To run this notebook, click on the molab shield above or run the following command at the terminal:
uvx marimo edit --sandbox --mcp --no-token --watch https://github.com/nll-ai/kirin/blob/main/docs/how-to/version-control-pipeline.py
import marimo as mo
Version Control Your Data Pipeline
This guide shows you how to version control your ETL/data pipeline outputs using Kirin. You'll learn to track pipeline runs, commit transformed data, store pipeline metadata, and compare outputs across different runs.

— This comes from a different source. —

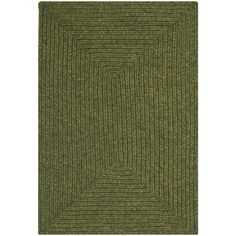 a green rug with an interlocked design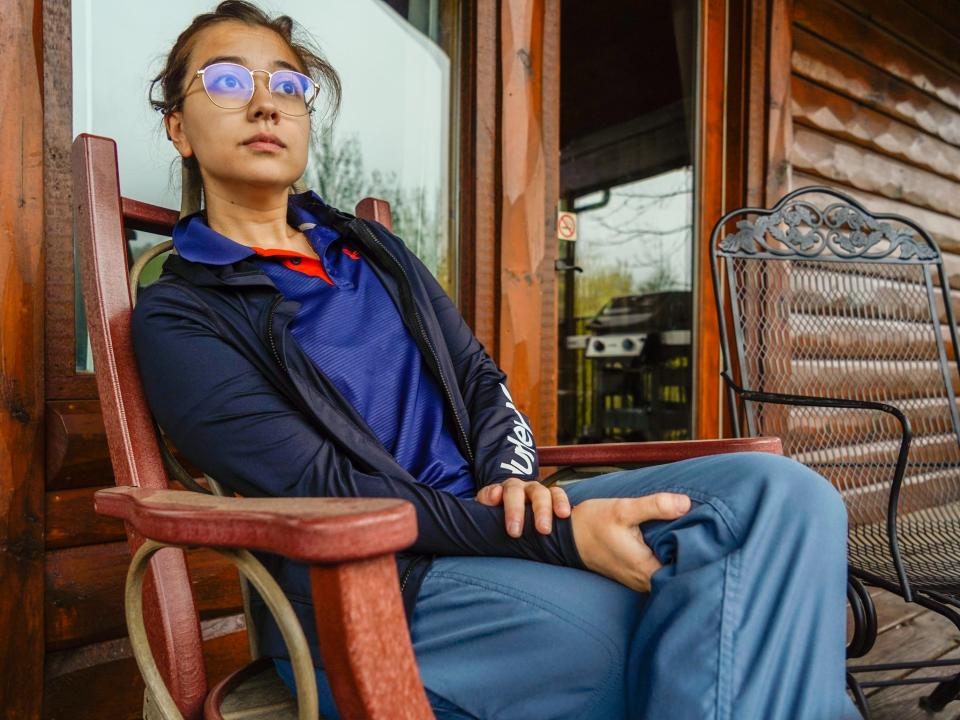 The author sits in a wooden rocking chair in a blue outfit with her legs crossed. Behind her is the cabin with floor-to-ceiling windows. There's another chair on the right.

Key Benefit: With Kirin, you don't need to organize files in directory
hierarchies like data/v1/, data/v2/, or runs/run_001/. Instead, use
the same filenames across runs and let Kirin's commit system handle
versioning. Metadata is stored with commits, not in directory structures.
import json
import tempfile
from datetime import datetime
from pathlib import Path
import polars as pl
from kirin import Dataset
temp_dir = Path(tempfile.mkdtemp(prefix="kirin_pipeline_demo_"))

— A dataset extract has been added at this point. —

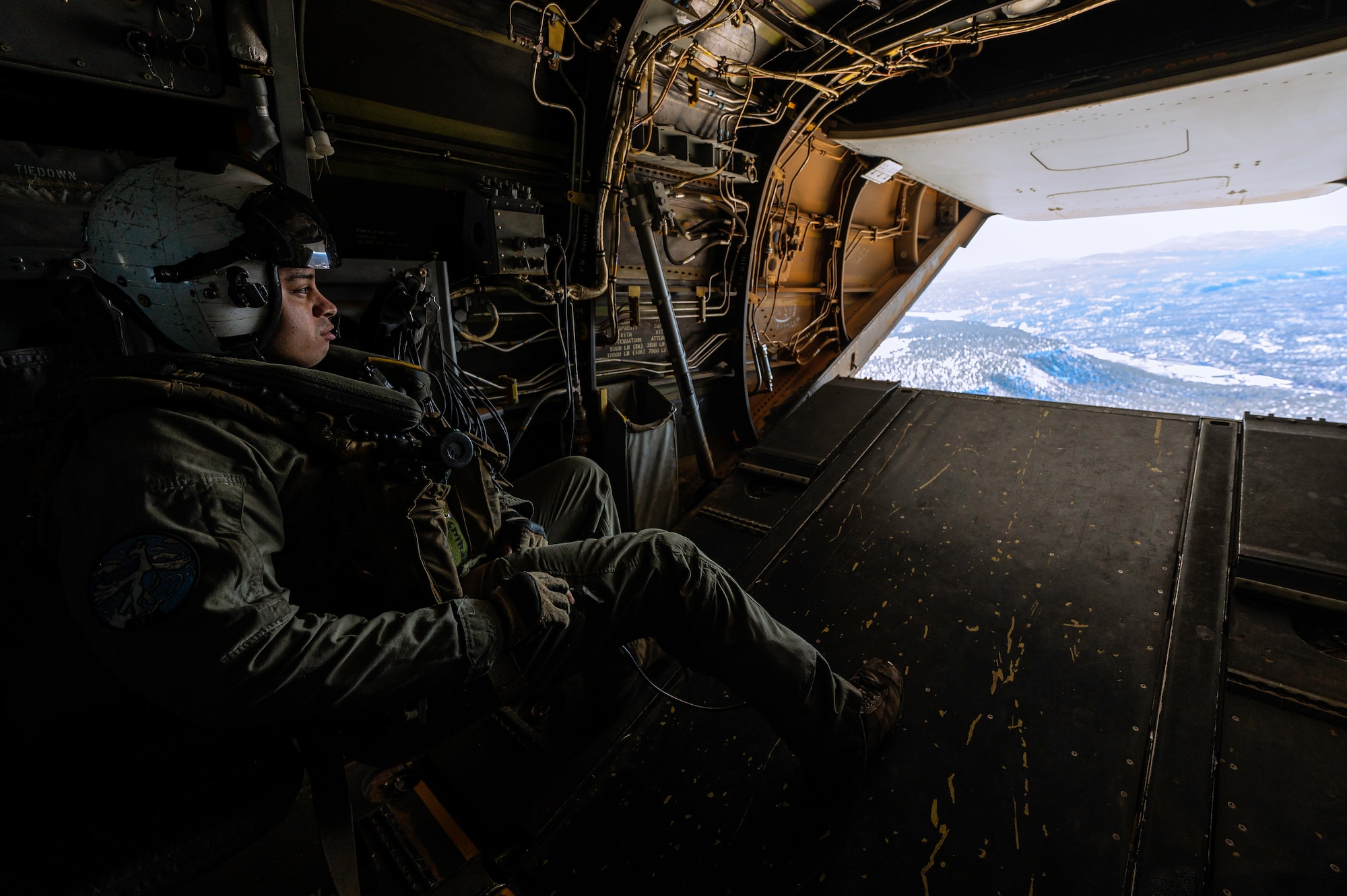 Man looks out of helicopter ramp in flight.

pipeline_registry = Dataset(root_dir=temp_dir, name="etl_pipeline")
print(f"✅ Pipeline registry created at: {temp_dir}")
Why Not Use Directory Hierarchies?
Traditional approach (what you might do without Kirin):
data/
├── v1/
│ ├── transformed_sales.csv
│ ├── product_summary.csv
│ └── pipeline_metadata.json
├── v2/
│ ├── transformed_sales.csv
│ ├── product_summary.csv
│ └── pipeline_metadata.json
└── runs/
├── run_001/
│ └── transformed_sales.csv
└── run_002/
└── transformed_sales.csv
Problems with this approach: - Complex directory structures to maintain - Version info scattered across directory paths - Hard to query or compare versions - Manual organization required
Kirin's approach (what we'll demonstrate):
dataset/
├── transformed_sales.csv (versioned by commits)
├── product_summary.csv (versioned by commits)
└── pipeline_metadata.json (versioned by commits)
- Same filenames across all runs
- Version info stored in commit metadata
- Easy to query and compare
- Automatic versioning via commits
Set Up Pipeline Input Data
Create sample input data that your pipeline will process. In production, this might come from external sources like databases or APIs.
input_data_dir = temp_dir / "input_data"
input_data_dir.mkdir(exist_ok=True)
raw_data = input_data_dir / "raw_sales.csv"
raw_data.write_text("""order_id,customer_id,product,quantity,price,order_date
1001,C001,Widget A,2,29.99,2024-01-15
1002,C002,Widget B,1,19.99,2024-01-16
1003,C001,Widget C,3,39.99,2024-01-17
1004,C003,Widget A,1,29.99,2024-01-18
1005,C002,Widget B,2,19.99,2024-01-19""")
print("✅ Created sample input data")
Run Pipeline and Generate Outputs
Simulate a pipeline run that processes input data and generates transformed outputs, logs, and metadata.
Note: We use simple, consistent filenames (transformed_sales.csv,
product_summary.csv, etc.) without version numbers or directory
hierarchies. Versioning is handled by commits, not filenames.
def run_pipeline(run_id, input_file, output_dir):
"""Simulate a pipeline run that processes data."""
df = pl.read_csv(input_file)
transformed_data = df.with_columns(
[
(pl.col("quantity") * pl.col("price")).alias("total_amount"),
pl.col("order_date").str.strptime(pl.Date, "%Y-%m-%d").alias("date"),
]
)
output_dir.mkdir(exist_ok=True, parents=True)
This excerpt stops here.